Para que, entretanto, se possa bem compreender a função da imprensa britânica, com as suas zonas de influência e razões de existência, é preciso esclarecer desde já: seis grandes «trusts» dominam essa existência, três dos quais – os principais – são comandados por lorde Rothermere («Daily Mail», «Evening News», «Sunday Dispatch», dez diários de província e mais oito periódicos de província); lorde Beaverbrook («Daily Express», «Evening Standard», «Sunday Express» e dois jornais de província); lorde Camrose («Daily Telegraph» e «Financial Times»).

Depois vem o Kemsley Newspapers, com o «Daily Sketch», o «Suday Times» e treze jornais de província e vinte e dois periódicos.

Deve, porém, esclarecer-se que nos interior destes grupos, muitos dos jornais conseguiram conservar uma certa independência – como, por exemplo, o «Sunday Times» que, não obstante pertencer ao «trust» Kemsley é considerado fora das funções de órgão de partido.

Por outro lado, é preciso assinalar que há três grandes jornais fundamentalmente independentes e que, por isso mesmo, exercem sobre a opinião pública uma influência muito mais ponderável, porquanto não vai actuar em sectores partidários – e aqui está porque os 180 mil exemplares do «Times» têm uma influência superior á dos três milhões de exemplares do «Daily Express». Como o «Times», de resto, há, pelo menos, mais dois órgãos importantíssimos: o «News Chronicle» e o «Manchester Guardian», este provinciano.

Para bem compreender os textos que as agências telegráficas muitas vezes espalham pelo estrangeiro, reflectindo opiniões escritas em jornais ingleses, vale a pena, talvez, desfiar um pouco a meada dos interesses políticos que esses jornais representam, mesmo quando não são órgãos de partido.

Assim, o «Times» é considerado conservador.
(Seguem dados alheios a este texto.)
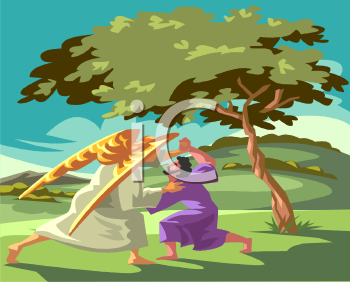 Sport Clipart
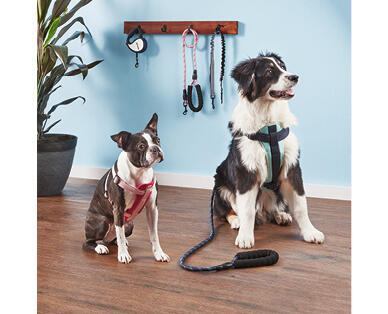 Dog Harness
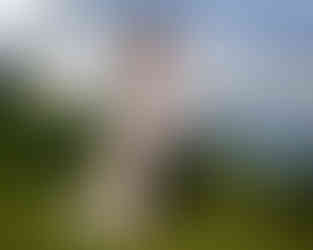 Best Casa Chameleon wedding photographer Costa Rica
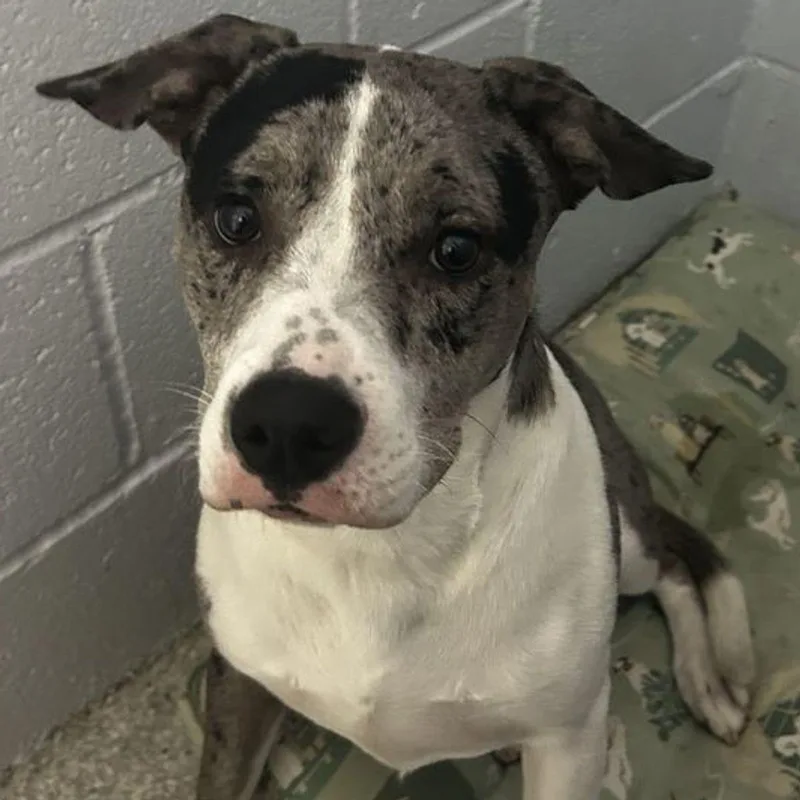 A young medium-sized female Australian Cattle Dog / Blue Heeler dog named Maggie for adoption in Lake Havasu City, AZ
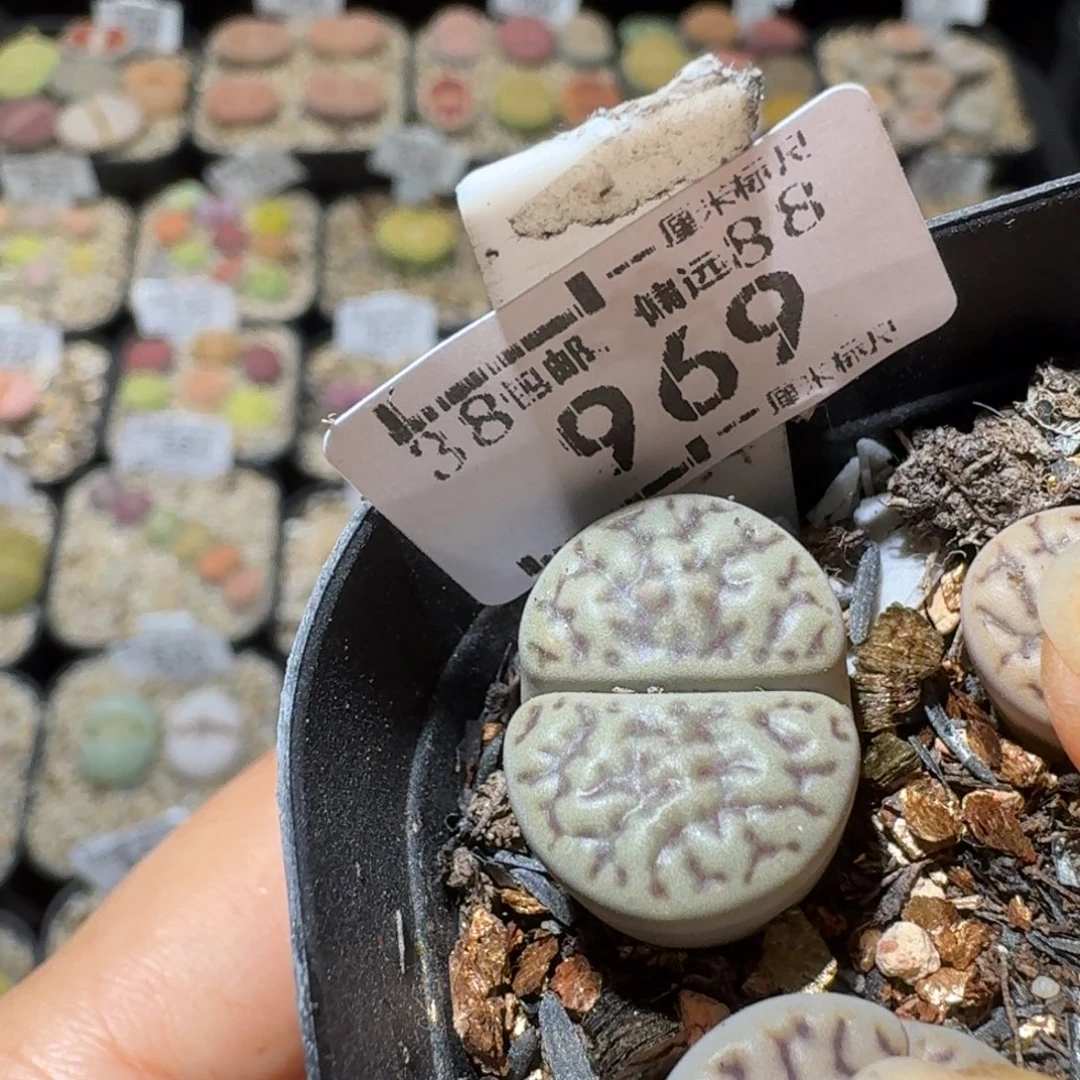 Sss清仓了便宜了969蓝色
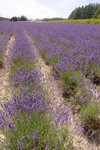 26072018_Nikon D800_19th Round to Hokkaido_Furano Tomita Farm_Lavender no Hatake00002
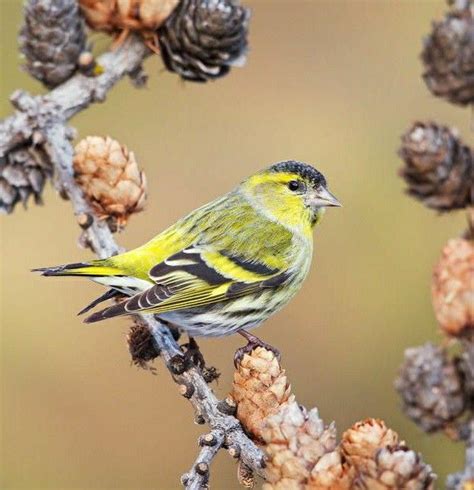 Tarin Des Aulnes Mâle Carduelis Spinus Tarin Des Aulnes Oiseaux Tarin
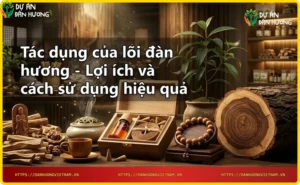 Mặt cắt lõi gỗ đàn hương với vân gỗ và tinh dầu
Mas como não é órgão da política, foi o primeiro a censurar, embora moderadamente, os excessos palavrosos do sr. Churchill, líder do partido conservador. Por outro lado, com este velho jornal – o mais velho em Inglaterra que, em 1944, tirou em média 178 mil exemplares – dá-se uma circunstância curiosa: não estando ligado á política do «Foreign Office», embora muitas vezes seja empregado como balão de ensaio, sem que tal implique com dependência – o «Times» tem maior influência no estrangeiro do que na Inglaterra.
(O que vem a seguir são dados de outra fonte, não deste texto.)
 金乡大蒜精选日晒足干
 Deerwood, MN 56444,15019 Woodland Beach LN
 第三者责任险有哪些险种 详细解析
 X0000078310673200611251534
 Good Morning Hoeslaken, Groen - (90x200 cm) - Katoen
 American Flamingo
Para defender o «Times» de influências estranhas á sua independência, está atenta uma comissão de controle de que fazem parte o arcebispo de Cantuária, o chanceler da universidade de Oxford e, ainda, outras personalidades que não pertencem aos meios políticos, nem aos meios jornalísticos, afim de evitar o escândalo de 1917 – quando o «Times» foi controlado pelo «Daily Mail» e vendido ao preço de um “penny, o que não bastava apra assegurar a sua autonomia financeira...

Para ilustrar o grau da sua influência na política estrangeira, citam-se apensa três datas: em 1938, foi o «Times» que propôs Munique, em 1942, advogou a amizade anglo-soviética e, em 1944, pôs-se ao lado da França.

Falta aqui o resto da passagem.